"""

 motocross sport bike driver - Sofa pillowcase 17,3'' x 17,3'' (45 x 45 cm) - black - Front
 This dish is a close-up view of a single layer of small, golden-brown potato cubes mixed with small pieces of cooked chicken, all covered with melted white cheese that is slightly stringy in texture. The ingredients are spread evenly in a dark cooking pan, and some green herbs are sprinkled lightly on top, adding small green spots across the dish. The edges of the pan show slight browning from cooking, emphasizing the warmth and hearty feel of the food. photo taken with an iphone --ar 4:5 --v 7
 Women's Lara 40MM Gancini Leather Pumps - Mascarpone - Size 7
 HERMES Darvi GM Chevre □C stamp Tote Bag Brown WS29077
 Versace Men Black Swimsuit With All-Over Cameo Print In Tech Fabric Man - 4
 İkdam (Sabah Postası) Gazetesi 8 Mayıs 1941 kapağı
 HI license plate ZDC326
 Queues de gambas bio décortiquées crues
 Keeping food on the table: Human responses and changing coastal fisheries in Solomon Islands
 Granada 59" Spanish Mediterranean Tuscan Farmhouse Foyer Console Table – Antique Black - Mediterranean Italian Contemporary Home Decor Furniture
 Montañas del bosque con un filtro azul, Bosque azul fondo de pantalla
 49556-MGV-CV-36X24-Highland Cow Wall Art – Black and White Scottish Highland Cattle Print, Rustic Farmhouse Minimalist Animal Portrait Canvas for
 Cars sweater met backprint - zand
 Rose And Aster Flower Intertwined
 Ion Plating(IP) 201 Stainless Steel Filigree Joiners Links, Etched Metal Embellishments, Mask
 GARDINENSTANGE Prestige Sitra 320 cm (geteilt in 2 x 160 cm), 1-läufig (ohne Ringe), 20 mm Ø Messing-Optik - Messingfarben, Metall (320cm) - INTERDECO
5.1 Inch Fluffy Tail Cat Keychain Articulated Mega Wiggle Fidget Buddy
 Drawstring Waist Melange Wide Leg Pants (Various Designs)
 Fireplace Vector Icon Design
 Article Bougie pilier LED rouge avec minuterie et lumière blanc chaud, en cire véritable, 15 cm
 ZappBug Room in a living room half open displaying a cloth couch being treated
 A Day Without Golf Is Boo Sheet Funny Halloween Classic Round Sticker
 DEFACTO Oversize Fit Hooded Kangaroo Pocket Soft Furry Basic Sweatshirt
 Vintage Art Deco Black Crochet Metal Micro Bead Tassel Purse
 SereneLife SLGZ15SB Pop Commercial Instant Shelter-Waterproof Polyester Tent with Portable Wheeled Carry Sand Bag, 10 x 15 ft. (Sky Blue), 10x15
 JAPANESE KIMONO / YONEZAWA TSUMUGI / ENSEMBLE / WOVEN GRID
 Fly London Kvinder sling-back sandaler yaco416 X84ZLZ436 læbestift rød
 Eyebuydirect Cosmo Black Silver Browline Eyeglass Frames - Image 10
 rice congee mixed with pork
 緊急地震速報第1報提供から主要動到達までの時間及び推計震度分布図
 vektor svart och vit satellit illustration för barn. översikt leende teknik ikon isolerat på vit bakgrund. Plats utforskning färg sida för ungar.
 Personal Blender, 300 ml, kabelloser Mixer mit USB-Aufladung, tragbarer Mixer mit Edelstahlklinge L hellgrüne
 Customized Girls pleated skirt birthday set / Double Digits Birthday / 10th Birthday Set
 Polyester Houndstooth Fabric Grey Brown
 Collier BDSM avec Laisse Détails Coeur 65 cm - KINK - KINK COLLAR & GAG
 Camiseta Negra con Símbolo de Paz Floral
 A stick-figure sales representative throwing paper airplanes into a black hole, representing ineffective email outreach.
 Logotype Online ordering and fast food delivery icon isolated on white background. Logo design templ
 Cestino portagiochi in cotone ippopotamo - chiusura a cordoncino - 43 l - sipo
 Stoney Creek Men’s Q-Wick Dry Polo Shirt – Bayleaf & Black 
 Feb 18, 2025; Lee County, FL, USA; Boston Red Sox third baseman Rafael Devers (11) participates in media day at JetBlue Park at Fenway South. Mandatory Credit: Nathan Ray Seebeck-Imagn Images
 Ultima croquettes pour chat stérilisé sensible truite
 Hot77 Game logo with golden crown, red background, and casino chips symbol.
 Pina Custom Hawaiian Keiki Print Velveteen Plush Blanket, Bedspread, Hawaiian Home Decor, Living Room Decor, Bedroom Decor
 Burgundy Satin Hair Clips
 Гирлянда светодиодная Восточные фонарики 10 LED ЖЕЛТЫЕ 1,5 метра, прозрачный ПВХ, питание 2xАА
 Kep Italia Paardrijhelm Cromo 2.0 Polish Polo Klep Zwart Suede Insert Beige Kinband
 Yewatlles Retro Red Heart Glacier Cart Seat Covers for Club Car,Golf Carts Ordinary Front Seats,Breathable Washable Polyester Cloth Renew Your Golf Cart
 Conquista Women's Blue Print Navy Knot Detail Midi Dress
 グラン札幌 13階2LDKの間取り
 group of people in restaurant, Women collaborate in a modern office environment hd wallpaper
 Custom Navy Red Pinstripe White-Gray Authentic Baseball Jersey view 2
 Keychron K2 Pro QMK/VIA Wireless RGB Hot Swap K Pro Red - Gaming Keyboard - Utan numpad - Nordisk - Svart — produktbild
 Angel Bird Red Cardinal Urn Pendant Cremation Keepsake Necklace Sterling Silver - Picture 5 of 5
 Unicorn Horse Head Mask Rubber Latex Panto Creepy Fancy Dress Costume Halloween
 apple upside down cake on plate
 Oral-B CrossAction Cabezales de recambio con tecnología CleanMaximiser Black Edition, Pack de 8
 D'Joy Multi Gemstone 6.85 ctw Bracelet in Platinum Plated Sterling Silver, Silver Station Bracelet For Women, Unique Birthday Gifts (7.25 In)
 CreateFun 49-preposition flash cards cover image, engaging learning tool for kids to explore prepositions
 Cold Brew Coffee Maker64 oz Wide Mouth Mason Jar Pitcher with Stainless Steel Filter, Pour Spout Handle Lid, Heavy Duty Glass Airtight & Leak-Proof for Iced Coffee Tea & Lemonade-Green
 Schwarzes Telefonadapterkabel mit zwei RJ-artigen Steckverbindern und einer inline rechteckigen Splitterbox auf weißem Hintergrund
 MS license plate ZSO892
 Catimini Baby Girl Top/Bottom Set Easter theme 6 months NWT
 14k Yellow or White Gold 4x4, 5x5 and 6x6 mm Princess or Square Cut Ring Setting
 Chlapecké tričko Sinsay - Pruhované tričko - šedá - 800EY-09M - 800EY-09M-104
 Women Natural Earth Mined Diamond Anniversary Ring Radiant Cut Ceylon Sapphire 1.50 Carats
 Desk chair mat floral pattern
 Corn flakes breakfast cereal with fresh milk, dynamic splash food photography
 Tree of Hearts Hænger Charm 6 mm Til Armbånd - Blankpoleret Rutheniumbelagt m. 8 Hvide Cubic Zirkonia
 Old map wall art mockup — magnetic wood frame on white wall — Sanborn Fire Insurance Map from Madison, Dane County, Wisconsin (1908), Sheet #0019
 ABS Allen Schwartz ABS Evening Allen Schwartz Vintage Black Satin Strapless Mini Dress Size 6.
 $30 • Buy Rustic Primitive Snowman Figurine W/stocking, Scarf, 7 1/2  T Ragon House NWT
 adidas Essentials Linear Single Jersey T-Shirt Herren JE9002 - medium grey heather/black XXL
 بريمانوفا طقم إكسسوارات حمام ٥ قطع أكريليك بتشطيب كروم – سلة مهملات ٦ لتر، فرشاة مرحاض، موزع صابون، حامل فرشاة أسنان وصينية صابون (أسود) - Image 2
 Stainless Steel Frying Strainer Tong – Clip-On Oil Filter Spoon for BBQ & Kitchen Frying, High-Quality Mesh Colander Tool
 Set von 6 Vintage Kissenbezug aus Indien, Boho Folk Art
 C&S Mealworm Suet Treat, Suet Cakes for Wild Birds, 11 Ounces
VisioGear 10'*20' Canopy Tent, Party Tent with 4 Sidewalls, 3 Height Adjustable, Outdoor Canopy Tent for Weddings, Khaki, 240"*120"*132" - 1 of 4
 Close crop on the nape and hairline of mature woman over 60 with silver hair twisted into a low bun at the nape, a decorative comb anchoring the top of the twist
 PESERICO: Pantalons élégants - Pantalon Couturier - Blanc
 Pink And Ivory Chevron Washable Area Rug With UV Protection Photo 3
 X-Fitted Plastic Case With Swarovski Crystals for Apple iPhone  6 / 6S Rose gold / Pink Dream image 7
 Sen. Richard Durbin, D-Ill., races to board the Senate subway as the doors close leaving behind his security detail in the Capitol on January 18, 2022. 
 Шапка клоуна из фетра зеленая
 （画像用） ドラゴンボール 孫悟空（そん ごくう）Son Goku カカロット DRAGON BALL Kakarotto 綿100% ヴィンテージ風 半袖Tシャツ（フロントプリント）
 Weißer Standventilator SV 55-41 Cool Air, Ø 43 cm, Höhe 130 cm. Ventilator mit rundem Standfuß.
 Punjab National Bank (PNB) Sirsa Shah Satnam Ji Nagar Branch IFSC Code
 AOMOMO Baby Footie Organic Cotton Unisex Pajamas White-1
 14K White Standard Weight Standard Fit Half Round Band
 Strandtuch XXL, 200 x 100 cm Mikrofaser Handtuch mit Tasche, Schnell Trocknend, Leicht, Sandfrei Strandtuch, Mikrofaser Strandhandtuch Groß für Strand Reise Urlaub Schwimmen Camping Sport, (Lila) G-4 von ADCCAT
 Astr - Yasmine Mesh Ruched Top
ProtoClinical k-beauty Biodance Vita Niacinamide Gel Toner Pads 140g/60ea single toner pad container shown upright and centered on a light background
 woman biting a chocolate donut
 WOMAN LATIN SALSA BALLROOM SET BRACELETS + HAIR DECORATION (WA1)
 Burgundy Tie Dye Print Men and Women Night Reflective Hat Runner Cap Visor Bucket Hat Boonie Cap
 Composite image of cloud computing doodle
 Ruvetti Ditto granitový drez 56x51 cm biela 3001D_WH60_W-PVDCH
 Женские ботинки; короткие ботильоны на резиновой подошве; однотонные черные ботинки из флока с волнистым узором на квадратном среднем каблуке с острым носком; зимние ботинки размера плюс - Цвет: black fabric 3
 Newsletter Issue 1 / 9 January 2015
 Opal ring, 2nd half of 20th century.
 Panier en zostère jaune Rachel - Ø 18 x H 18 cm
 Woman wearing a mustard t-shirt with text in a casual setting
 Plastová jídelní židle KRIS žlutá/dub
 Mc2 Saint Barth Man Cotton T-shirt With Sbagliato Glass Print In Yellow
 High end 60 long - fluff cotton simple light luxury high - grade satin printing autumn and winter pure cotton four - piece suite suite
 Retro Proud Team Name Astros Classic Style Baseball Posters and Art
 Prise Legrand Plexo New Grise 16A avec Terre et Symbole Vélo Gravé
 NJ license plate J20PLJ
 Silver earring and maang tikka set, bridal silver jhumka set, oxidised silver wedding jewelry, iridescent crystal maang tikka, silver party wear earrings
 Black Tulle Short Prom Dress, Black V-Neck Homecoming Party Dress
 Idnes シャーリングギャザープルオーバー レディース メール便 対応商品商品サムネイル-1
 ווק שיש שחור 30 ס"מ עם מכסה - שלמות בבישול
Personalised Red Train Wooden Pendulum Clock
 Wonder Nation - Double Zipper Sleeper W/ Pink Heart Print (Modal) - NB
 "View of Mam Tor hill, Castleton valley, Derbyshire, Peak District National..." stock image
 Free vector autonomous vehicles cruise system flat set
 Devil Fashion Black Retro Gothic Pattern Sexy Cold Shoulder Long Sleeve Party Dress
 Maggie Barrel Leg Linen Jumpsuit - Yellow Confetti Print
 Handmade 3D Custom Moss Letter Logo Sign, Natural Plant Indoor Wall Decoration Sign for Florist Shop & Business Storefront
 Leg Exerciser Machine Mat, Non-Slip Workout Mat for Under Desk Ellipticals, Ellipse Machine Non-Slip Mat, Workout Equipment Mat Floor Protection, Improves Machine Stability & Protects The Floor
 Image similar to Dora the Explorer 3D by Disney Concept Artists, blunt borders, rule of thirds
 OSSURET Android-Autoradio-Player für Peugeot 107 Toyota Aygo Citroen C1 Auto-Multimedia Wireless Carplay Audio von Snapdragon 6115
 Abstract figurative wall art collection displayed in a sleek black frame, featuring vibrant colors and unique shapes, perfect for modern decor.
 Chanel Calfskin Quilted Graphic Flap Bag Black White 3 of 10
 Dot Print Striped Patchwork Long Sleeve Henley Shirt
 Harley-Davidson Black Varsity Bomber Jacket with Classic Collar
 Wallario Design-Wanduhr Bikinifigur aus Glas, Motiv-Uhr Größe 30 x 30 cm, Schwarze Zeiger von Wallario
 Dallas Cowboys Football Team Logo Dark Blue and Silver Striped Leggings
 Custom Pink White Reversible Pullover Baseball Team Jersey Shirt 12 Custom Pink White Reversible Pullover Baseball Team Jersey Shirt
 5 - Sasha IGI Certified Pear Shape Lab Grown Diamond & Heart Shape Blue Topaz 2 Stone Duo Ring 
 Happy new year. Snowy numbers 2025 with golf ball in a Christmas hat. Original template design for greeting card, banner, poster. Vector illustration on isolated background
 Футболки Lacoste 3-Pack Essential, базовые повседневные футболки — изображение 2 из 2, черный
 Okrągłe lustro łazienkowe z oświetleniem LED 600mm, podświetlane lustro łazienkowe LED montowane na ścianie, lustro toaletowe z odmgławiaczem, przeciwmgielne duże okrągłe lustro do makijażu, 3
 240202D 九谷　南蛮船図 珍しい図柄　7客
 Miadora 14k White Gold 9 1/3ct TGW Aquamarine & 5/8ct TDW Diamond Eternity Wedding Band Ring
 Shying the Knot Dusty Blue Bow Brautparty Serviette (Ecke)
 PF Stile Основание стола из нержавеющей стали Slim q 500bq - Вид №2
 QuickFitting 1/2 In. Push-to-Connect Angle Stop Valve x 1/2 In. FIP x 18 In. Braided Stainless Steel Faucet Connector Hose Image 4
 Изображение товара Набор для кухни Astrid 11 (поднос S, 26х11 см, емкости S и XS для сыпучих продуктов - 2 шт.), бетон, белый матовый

"""

*WHAT TO PRODUCE*.
Search the lines above for the string "into" and copy each line that has it.

*WRITTEN RESPONSE*.
 A stick-figure sales representative throwing paper airplanes into a black hole, representing ineffective email outreach.
 Close crop on the nape and hairline of mature woman over 60 with silver hair twisted into a low bun at the nape, a decorative comb anchoring the top of the twist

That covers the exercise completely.